***** DATA SUPPLIED *****
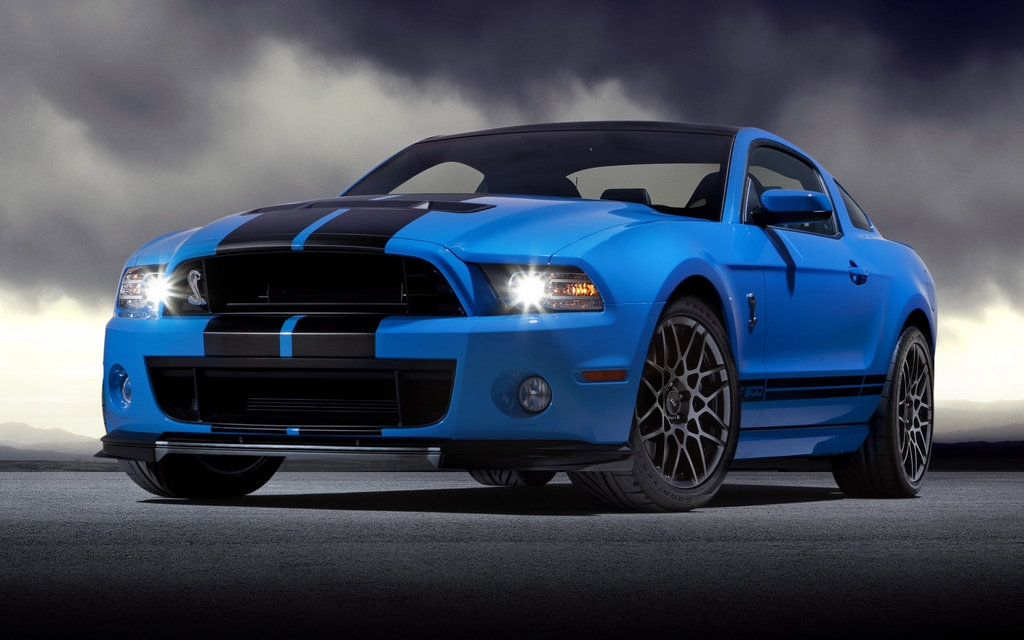 Ford Mustang Shelby GT500 2013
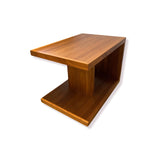 Room & Board Graham Modern END/SIDE TABLE Walnut 18w26d20h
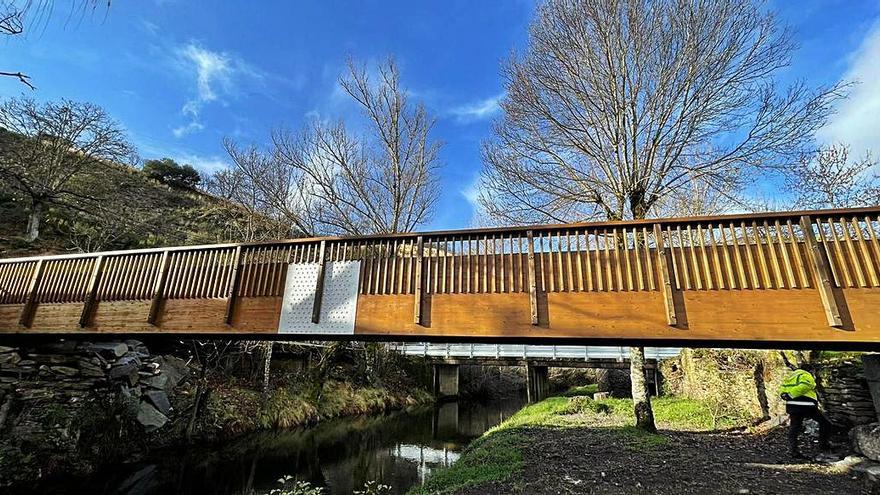 Rihonor estrena una pasarela peatonal sobre el río Fontano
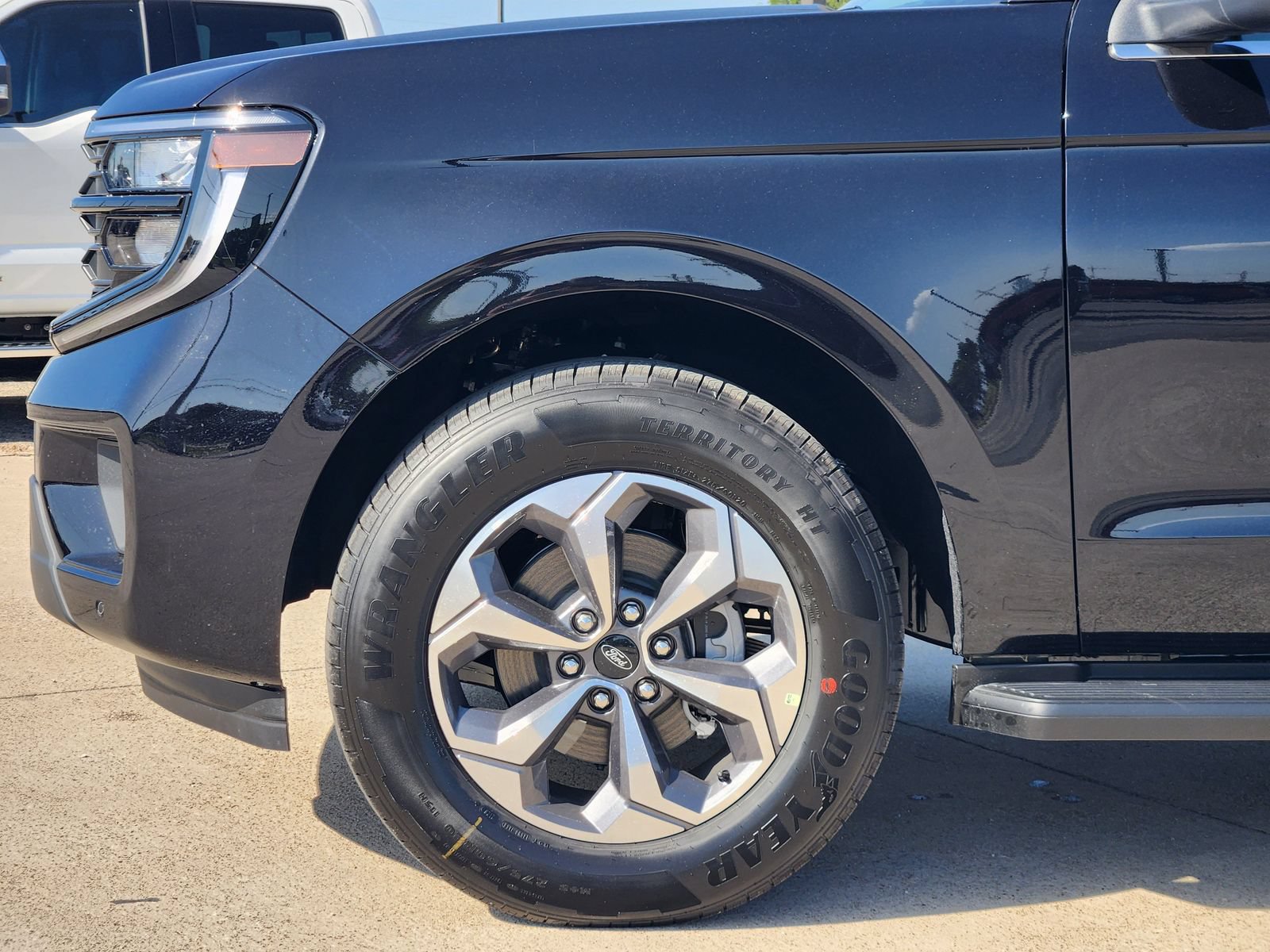 New 2027 Ford Expedition Max Active RWD image 9
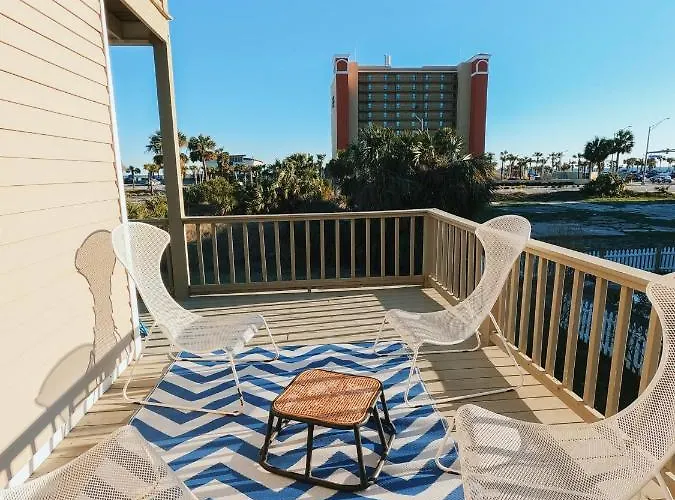 Modern, 3 Bedroom Private House Within Walking Distance To The Beach! Holiday home Gulf Shores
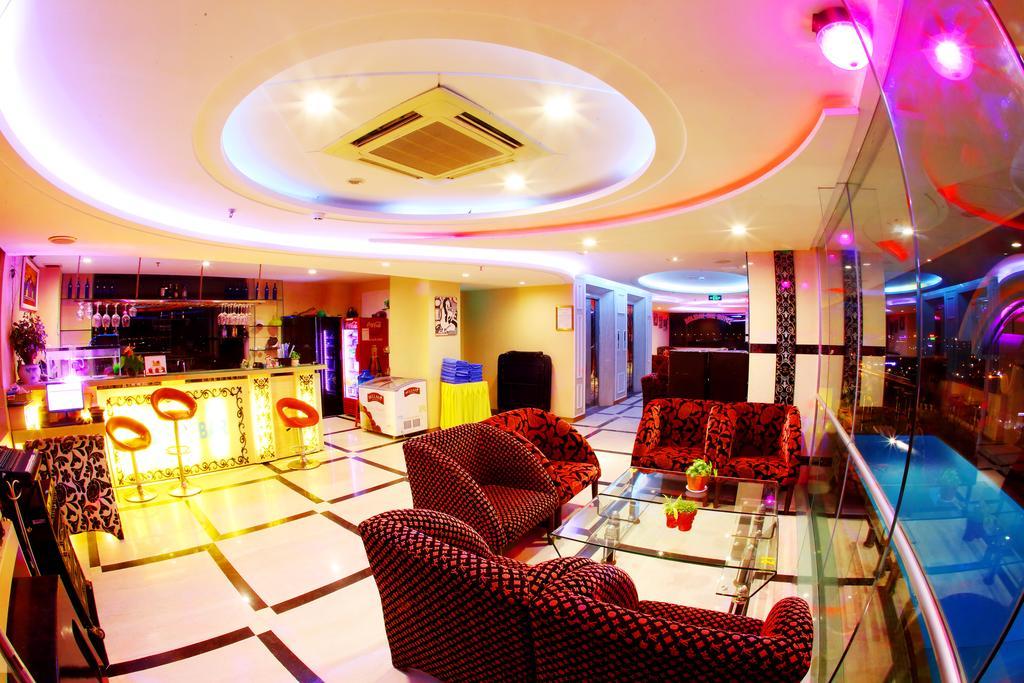 Holiday One Can Tho Hotel Bagian luar foto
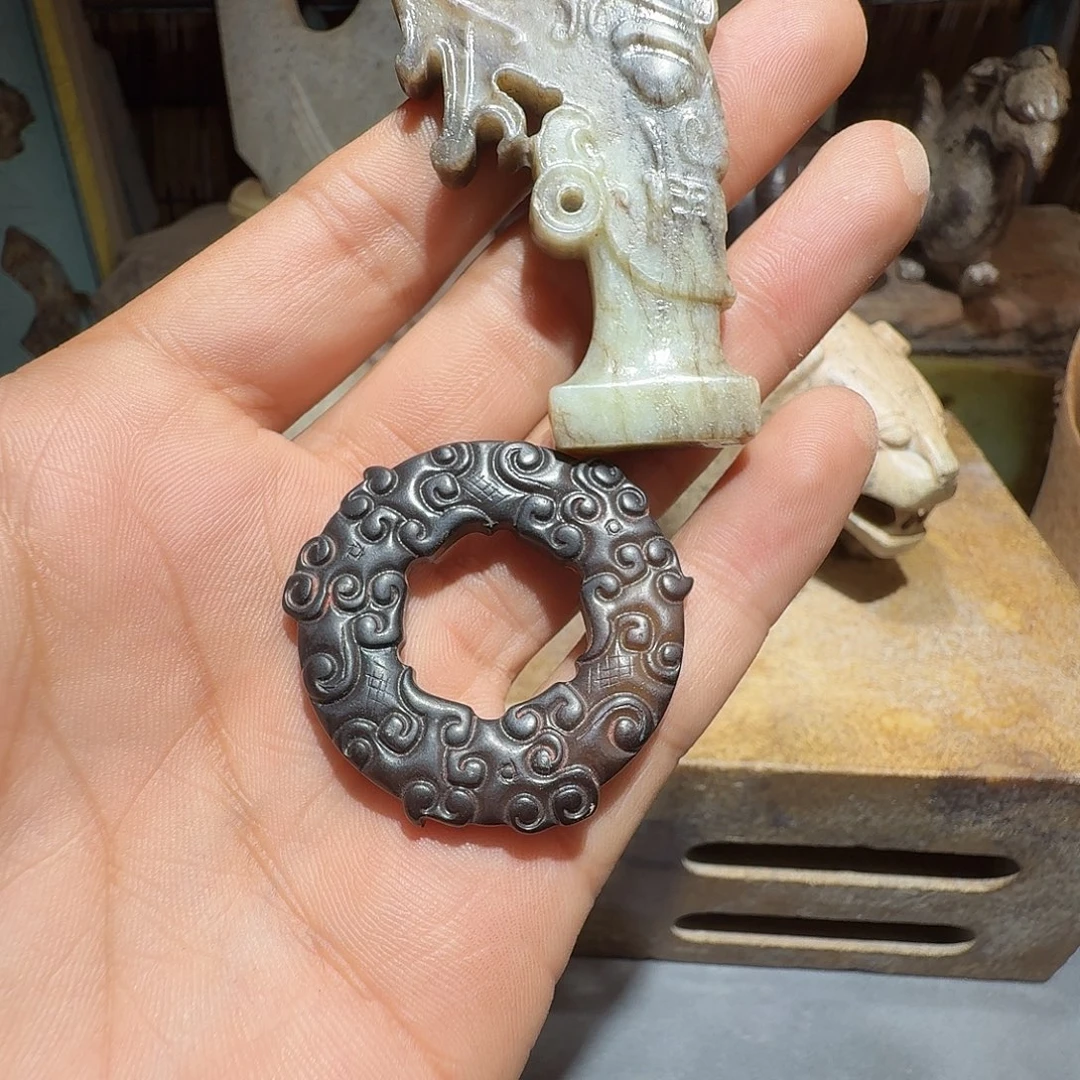 王***甯和田玉（糖玉）未镶嵌颈饰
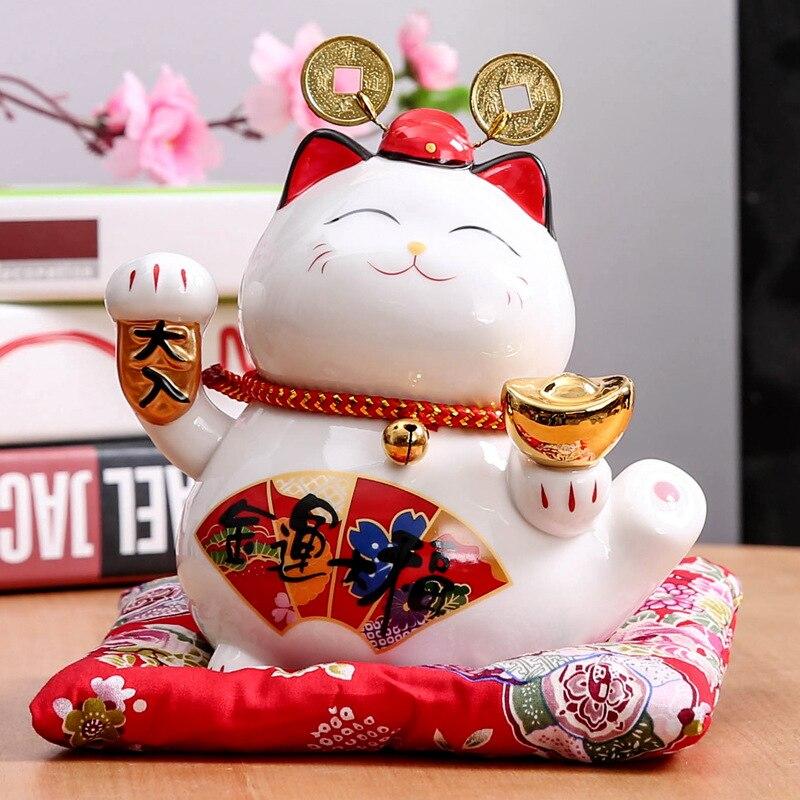 Back view of maneki neko figurine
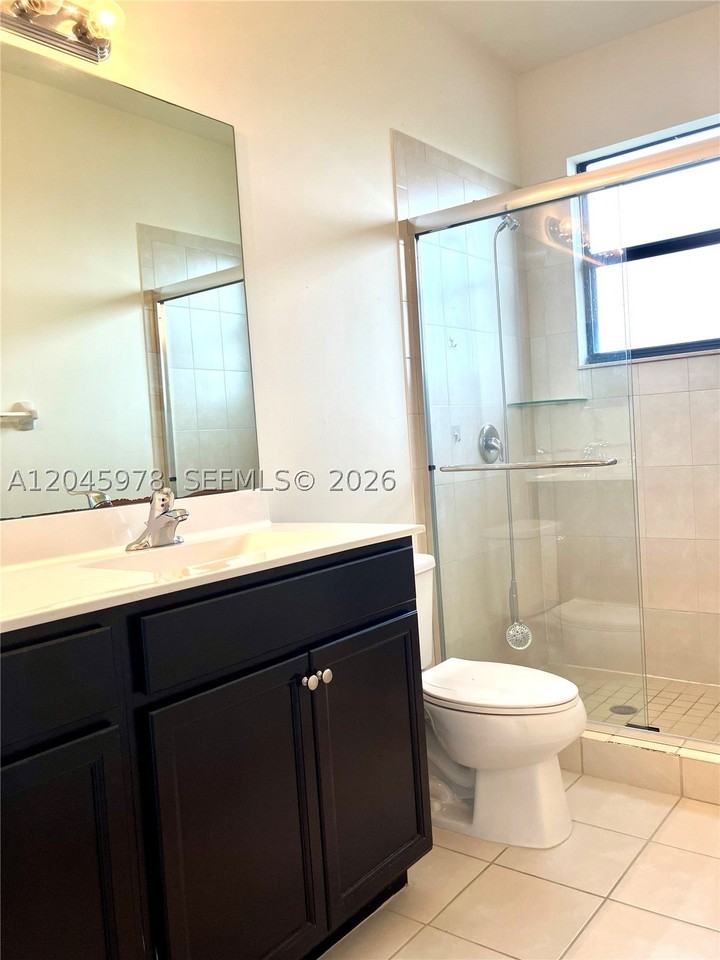 3797 Ne 2nd St - Photo 5 of 18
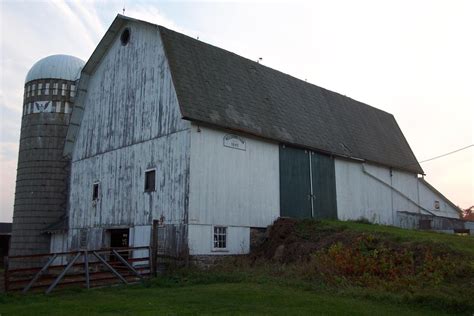 white barn   photo  freeimages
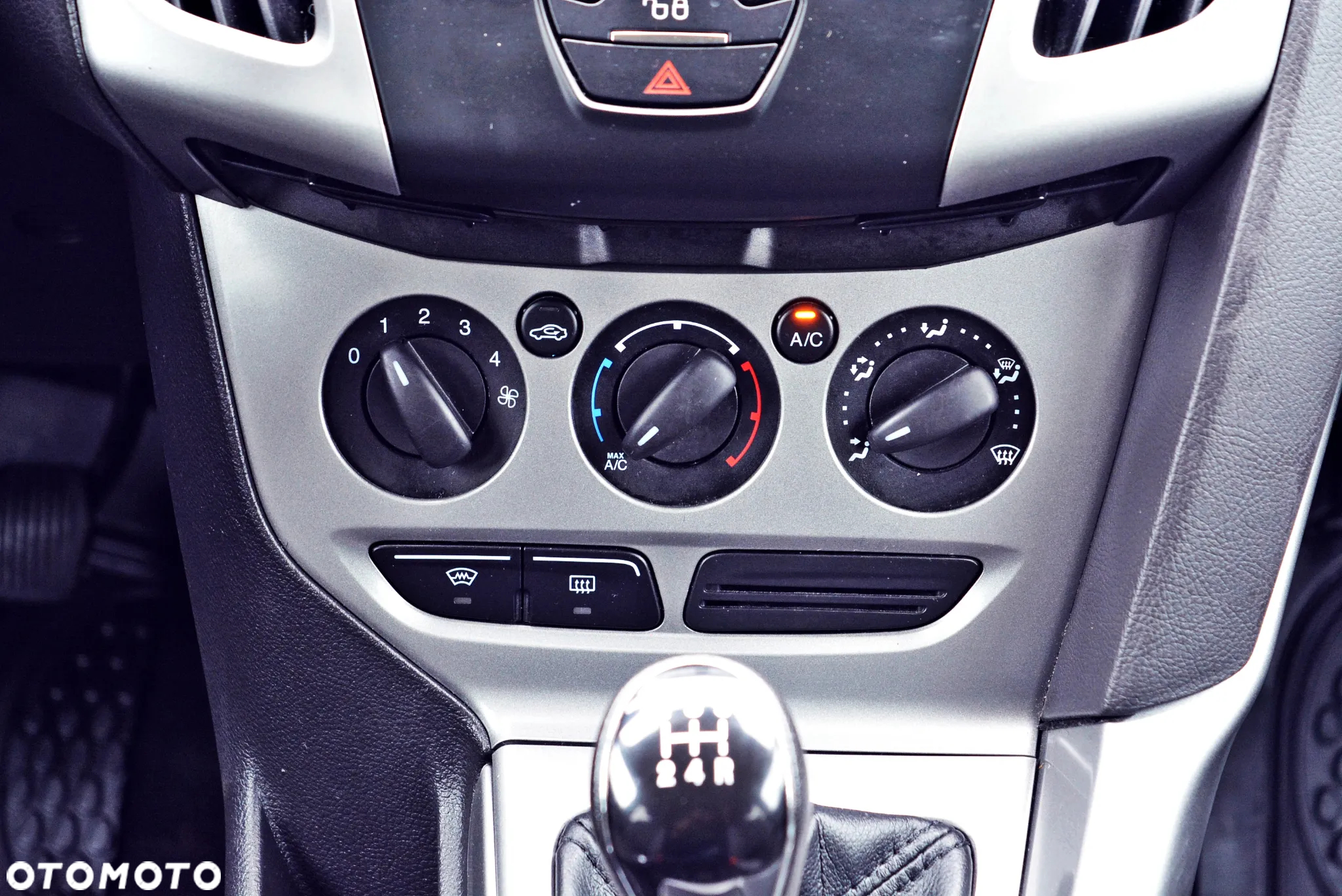 Ford Focus 1.6 Trend - 26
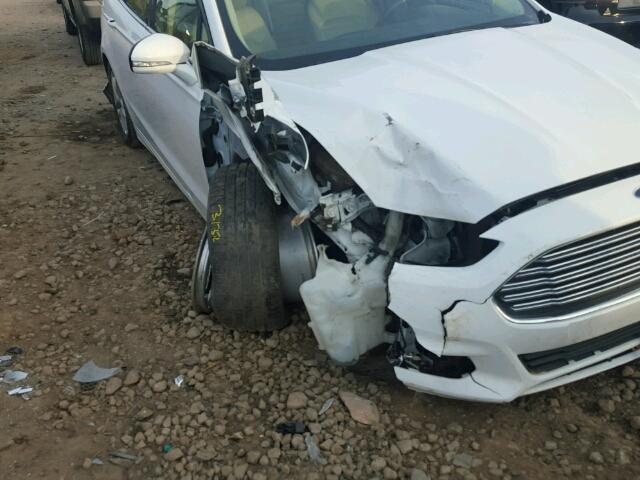 3FA6P0HR6DR149985 - 2013 FORD FUSION SE WHITE photo 9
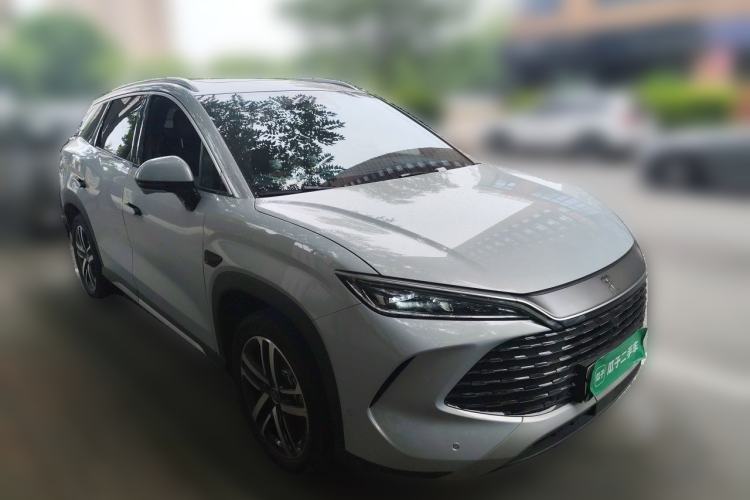 Used BYD Song L DM-i 2025 Intelligent Driving Version 112 km Beyond-Range Type Front Right 45 Deg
*****
**TASK DIRECTIONS**
A word-for-word copy of the entries above is what is needed, without any images.

**SOLUTION TO THIS EXERCISE**
 Ford Mustang Shelby GT500 2013
 Room & Board Graham Modern END/SIDE TABLE Walnut 18w26d20h
 Rihonor estrena una pasarela peatonal sobre el río Fontano
 New 2027 Ford Expedition Max Active RWD image 9
 Modern, 3 Bedroom Private House Within Walking Distance To The Beach! Holiday home Gulf Shores
 Holiday One Can Tho Hotel Bagian luar foto
 王***甯和田玉（糖玉）未镶嵌颈饰
 Back view of maneki neko figurine
 3797 Ne 2nd St - Photo 5 of 18
 white barn   photo  freeimages
 Ford Focus 1.6 Trend - 26
 3FA6P0HR6DR149985 - 2013 FORD FUSION SE WHITE photo 9
 Used BYD Song L DM-i 2025 Intelligent Driving Version 112 km Beyond-Range Type Front Right 45 Deg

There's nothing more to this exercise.